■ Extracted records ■
[Start of section]

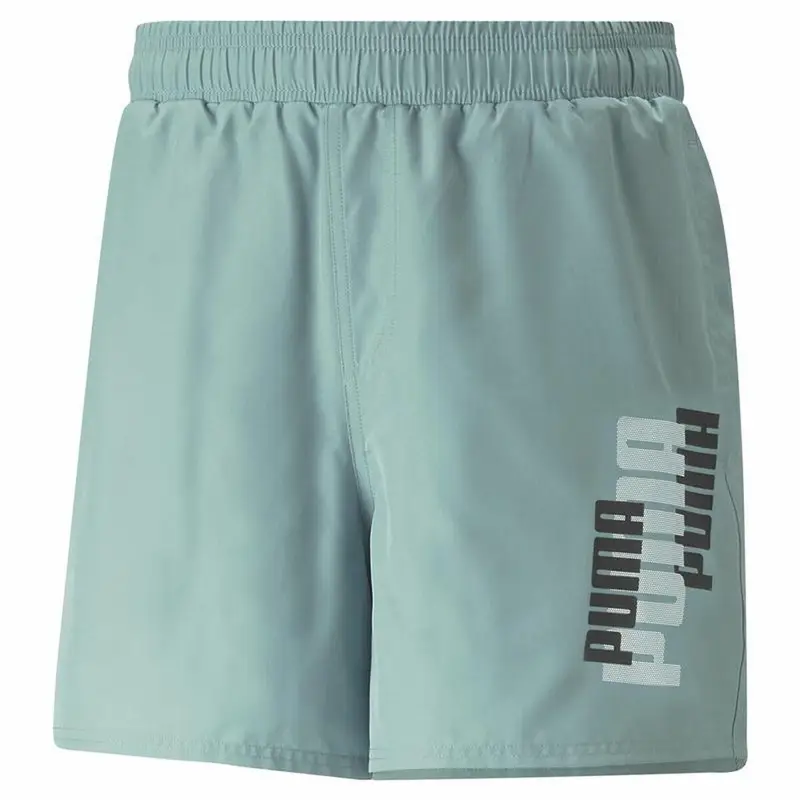 Pantaloni Corti Sportivi da Uomo Puma Ess+ Logo Power Acquamarina | Puma Blu acquamarina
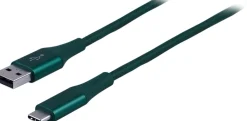 Ativa® USB Type-C To USB Type-A Cable, 6', Emerald, 45398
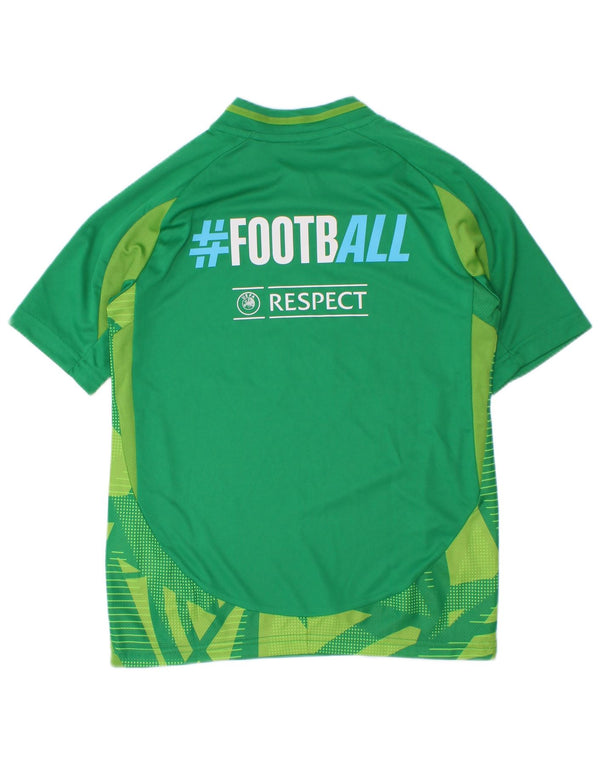 Adidas Camiseta gráfica Aeroready para niños 7-8 años Verde Colorblock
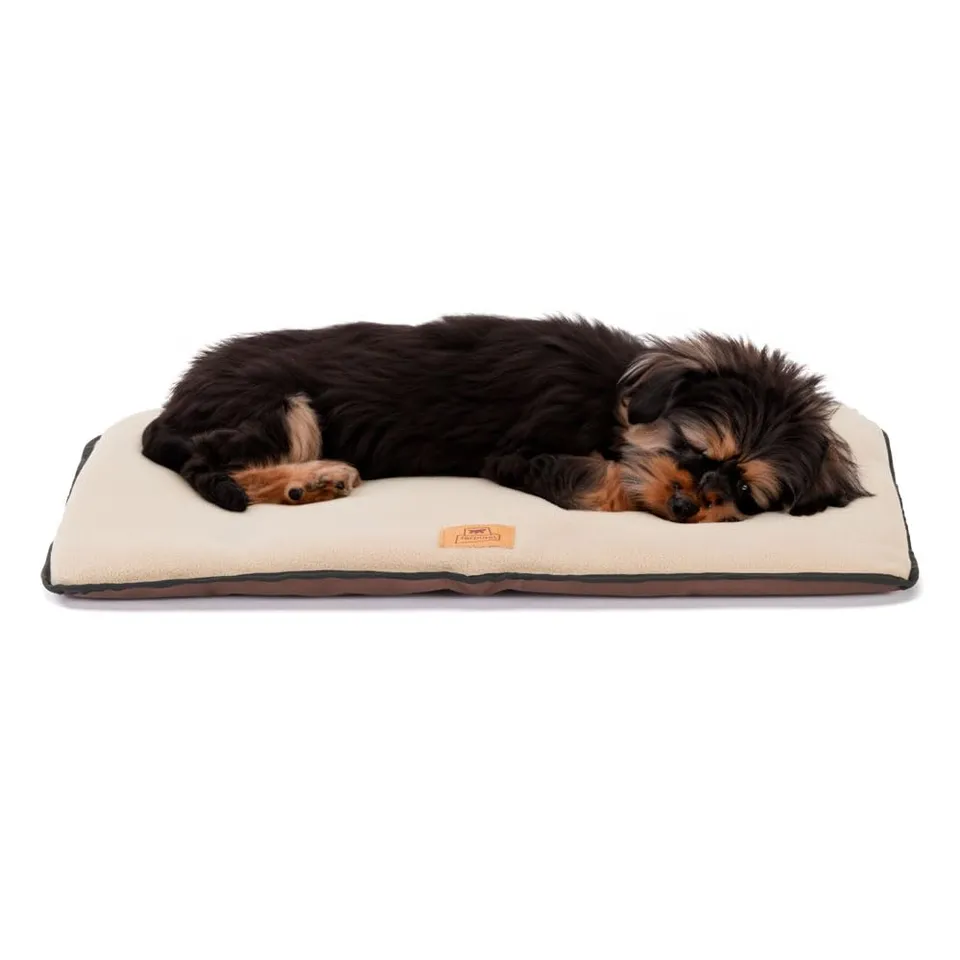 ferplast-jolly-microfleece-57-x-38-x-3-5-cm-matelas-chien-double-face-marron image 1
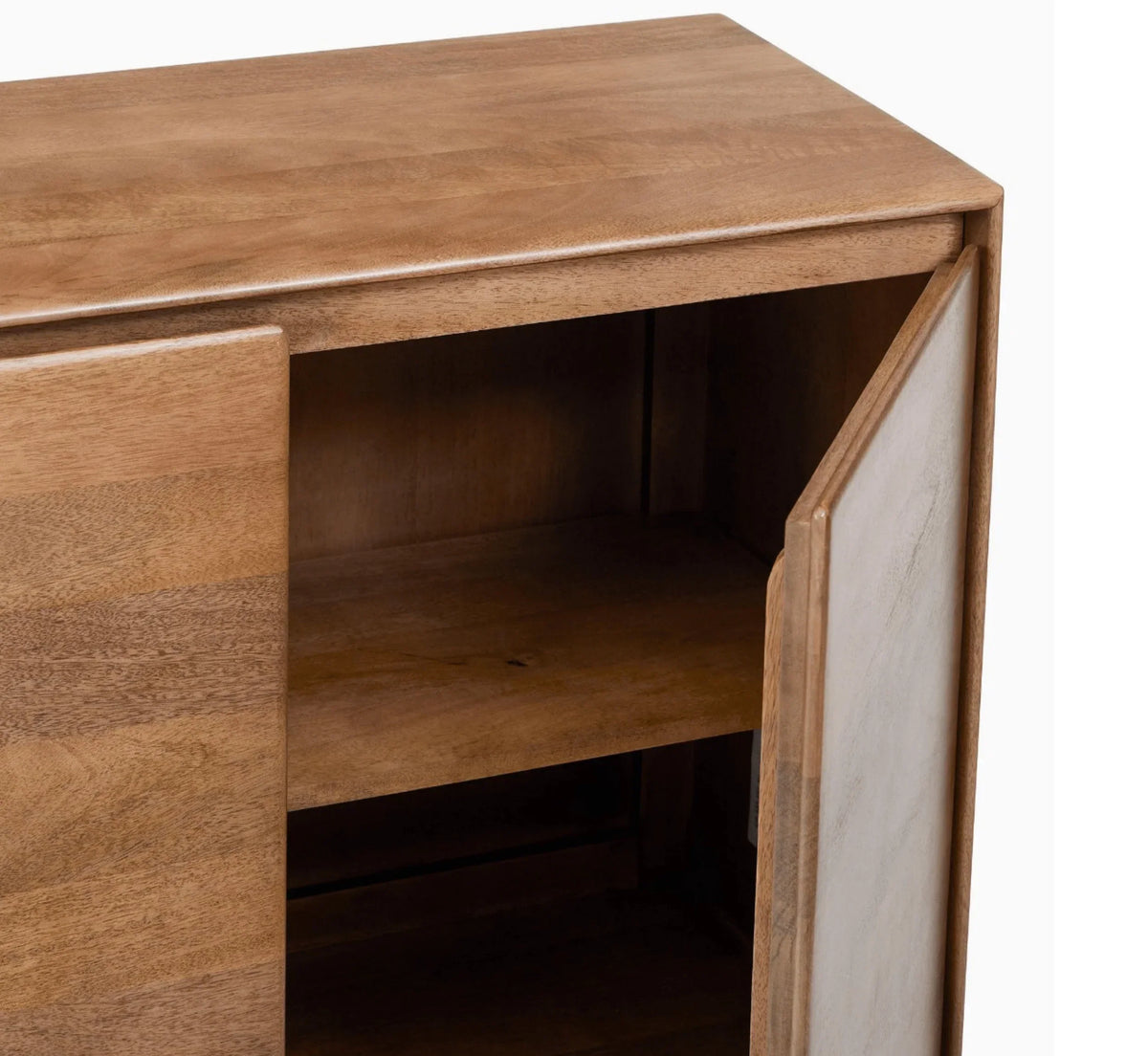 Nest 6-Tier Solid Mango Wood Shoe Cabinet – Handcrafted Organizer in Teak Finish by J.L.HOME DECOR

[End of section]

■ WHAT THE TASK REQUIRES ■
Reproduce exactly the part of the records above that begins at the line holding "Ativa® USB Type-C" and ends at the final line, both included, leaving out the pictures.

■ TASK RESULT ■
 Ativa® USB Type-C To USB Type-A Cable, 6', Emerald, 45398
 Adidas Camiseta gráfica Aeroready para niños 7-8 años Verde Colorblock
 ferplast-jolly-microfleece-57-x-38-x-3-5-cm-matelas-chien-double-face-marron image 1
 Nest 6-Tier Solid Mango Wood Shoe Cabinet – Handcrafted Organizer in Teak Finish by J.L.HOME DECOR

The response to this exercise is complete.